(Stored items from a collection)
/---

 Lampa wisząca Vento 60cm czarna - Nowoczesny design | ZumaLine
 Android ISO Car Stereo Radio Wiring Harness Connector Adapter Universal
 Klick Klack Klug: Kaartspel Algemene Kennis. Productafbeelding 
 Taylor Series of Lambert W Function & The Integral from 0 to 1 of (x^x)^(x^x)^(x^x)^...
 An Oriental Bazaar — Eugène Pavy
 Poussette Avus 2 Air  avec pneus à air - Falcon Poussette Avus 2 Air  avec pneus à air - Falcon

\---
/---

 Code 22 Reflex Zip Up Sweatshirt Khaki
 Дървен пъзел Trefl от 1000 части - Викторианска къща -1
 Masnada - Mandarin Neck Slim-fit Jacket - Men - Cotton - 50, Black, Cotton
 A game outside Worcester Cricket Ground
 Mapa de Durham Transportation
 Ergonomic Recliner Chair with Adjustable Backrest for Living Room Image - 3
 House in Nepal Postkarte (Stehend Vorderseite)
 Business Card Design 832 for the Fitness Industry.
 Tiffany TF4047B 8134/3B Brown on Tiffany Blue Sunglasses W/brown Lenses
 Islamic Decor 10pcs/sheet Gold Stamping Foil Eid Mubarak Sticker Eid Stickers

\---

All that belongs in the answer is the run of lines above from the line containing "House in Nepal" through the line containing "Islamic Decor 10pcs/sheet", exactly as written.

 House in Nepal Postkarte (Stehend Vorderseite)
 Business Card Design 832 for the Fitness Industry.
 Tiffany TF4047B 8134/3B Brown on Tiffany Blue Sunglasses W/brown Lenses
 Islamic Decor 10pcs/sheet Gold Stamping Foil Eid Mubarak Sticker Eid Stickers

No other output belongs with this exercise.